Maher’s scholarship and teaching explore how the natural environment has mediated power relationships between people over time. His most recent books include Apollo in the Age of Aquarius (Harvard University Press, 2017) and Nature’s New Deal: The Civilian Conservation Corps and the Roots of the American Environmental Movement (Oxford University Press, 2008). He has also written more popular essays and Op-Eds for The New York Times and The Washington Post. Maher’s research has been supported by fellowships from Harvard University, the Library of Congress, the Smithsonian Institution, and NASA, among others.

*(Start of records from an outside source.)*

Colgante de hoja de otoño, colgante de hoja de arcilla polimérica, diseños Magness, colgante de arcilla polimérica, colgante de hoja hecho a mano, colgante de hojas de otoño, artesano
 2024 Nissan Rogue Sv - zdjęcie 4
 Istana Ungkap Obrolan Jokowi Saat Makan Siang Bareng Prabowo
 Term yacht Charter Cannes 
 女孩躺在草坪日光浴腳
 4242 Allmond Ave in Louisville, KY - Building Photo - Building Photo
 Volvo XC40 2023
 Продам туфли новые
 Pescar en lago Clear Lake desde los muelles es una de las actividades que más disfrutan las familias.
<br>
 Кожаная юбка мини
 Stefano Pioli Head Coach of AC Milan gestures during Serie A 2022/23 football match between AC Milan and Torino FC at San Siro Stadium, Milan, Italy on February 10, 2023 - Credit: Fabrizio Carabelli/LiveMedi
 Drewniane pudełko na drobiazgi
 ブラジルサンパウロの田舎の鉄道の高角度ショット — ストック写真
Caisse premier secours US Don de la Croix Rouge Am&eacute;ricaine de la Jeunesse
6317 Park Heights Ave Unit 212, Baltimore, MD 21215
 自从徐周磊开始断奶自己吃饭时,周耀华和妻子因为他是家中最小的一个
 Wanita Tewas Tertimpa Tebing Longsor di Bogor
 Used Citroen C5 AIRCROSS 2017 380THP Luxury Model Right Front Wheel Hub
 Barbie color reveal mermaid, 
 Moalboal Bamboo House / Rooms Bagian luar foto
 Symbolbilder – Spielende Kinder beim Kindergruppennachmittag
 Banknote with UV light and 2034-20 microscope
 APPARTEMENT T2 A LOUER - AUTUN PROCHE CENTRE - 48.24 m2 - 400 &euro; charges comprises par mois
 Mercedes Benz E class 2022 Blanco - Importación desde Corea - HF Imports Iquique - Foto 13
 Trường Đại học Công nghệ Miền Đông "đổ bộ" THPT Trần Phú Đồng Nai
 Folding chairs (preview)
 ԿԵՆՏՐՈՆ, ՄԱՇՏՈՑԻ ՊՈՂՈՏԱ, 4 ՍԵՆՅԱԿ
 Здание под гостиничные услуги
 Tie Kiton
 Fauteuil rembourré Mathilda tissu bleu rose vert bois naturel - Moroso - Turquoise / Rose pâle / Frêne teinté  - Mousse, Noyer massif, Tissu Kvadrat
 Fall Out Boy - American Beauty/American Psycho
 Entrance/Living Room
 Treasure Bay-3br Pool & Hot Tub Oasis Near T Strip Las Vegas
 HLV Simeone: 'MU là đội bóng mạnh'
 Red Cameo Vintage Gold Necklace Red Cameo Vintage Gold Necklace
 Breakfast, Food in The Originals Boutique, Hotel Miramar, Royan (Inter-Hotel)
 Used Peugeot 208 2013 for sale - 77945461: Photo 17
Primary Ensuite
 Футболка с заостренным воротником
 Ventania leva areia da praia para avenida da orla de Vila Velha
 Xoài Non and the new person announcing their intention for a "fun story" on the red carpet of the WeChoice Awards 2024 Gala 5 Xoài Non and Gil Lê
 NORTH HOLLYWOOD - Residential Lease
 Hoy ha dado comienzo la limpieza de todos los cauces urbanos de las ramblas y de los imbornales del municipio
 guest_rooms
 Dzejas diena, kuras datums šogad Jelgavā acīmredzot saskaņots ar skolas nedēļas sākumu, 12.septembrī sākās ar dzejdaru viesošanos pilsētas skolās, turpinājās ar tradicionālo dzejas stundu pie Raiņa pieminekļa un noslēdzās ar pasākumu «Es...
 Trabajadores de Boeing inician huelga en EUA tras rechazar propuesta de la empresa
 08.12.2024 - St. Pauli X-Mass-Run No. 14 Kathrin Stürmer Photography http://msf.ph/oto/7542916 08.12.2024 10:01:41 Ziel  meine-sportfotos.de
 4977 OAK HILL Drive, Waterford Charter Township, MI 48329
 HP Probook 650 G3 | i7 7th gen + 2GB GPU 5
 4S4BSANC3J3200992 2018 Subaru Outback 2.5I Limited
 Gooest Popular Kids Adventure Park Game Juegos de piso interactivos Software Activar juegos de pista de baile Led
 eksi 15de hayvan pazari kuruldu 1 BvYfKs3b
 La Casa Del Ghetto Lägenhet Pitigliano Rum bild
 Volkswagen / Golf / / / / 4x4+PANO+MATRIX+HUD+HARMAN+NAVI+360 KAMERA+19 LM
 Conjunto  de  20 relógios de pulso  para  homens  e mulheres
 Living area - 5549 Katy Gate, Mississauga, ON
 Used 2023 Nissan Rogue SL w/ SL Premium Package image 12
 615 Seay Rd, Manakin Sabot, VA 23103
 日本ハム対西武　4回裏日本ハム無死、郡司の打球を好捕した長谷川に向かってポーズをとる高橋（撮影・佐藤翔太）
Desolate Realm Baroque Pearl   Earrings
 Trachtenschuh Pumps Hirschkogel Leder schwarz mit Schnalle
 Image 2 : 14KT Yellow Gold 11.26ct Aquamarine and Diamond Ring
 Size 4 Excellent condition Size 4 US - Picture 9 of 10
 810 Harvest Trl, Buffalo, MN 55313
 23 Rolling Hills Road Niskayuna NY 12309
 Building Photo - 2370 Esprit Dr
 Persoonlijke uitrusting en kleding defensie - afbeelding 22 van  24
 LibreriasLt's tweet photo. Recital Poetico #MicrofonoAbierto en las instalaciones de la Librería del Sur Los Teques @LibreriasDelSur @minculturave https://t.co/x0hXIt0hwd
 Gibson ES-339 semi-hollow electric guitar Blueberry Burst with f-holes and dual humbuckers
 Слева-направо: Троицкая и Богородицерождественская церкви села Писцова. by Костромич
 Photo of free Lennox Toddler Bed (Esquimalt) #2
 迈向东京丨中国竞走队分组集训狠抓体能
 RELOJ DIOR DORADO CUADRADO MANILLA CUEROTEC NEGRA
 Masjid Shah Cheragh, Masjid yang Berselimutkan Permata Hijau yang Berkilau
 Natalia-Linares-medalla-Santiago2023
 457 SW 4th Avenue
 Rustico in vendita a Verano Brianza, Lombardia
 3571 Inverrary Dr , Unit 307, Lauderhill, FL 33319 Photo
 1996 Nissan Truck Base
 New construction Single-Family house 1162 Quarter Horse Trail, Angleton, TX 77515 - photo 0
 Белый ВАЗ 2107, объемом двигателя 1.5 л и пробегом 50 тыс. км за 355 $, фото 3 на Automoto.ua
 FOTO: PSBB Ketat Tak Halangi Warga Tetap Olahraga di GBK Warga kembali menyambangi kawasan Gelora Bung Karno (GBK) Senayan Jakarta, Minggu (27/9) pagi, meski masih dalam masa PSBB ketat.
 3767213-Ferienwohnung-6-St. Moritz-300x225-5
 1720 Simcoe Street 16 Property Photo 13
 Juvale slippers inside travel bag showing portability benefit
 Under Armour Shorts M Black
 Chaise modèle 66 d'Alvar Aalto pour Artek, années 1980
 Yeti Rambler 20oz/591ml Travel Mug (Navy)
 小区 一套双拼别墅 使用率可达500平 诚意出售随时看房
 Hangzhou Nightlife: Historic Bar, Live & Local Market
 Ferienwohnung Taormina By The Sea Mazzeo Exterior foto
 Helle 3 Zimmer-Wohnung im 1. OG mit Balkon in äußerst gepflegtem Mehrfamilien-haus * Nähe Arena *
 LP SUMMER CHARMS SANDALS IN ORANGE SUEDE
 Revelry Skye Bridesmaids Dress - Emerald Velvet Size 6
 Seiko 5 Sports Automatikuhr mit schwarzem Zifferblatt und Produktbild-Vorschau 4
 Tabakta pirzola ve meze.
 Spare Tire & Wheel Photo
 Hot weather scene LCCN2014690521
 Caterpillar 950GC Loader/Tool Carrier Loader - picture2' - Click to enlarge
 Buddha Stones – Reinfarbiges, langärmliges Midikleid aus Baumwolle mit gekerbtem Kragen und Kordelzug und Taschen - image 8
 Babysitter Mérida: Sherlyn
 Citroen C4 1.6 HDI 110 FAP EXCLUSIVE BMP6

Maher is currently working on two new book projects. The first examines the urban crisis of the 1960s, which involved uprisings in cities including Los Angeles, Detroit, and Newark, as a byproduct of environmental discrimination. His second project is a textbook for faculty and students interested in using visual culture – from maps to photographs to popular advertisements — in their teaching and research. Tentatively titled Seeing Nature an Environmental Humanities Field Guide to Visual Culture, the textbook is currently under contract with the University of Washington Press’ Environmental Book Series.
Much like his research, Maher’s teaching also focuses on the intersection of environmental and political history. His offerings include courses in U.S. environmental history, urban history, and political history seminars on the Great Depression, the immediate post-World War II period, and the 1960s-1980s era. More recently, Maher has developed an environmental justice website for research seminars that he teaches on the undergraduate and graduate levels. For such efforts he has received the two most prestigious teaching awards at his university.
While writing and teaching, Maher remains active in public history projects that promote civic engagement. He has served as a Public Scholar for the New York Council for the Humanities, Co-Director of NJIT’s Distributed Technology Museum, Co-Coordinator for an exhibit titled At Home in Newark: Stories from the Queer Newark Oral History Project, and as a facilitator for the New Jersey Council for the Humanities “Face-to-Face: Community Conversations on Environmental Justice” program.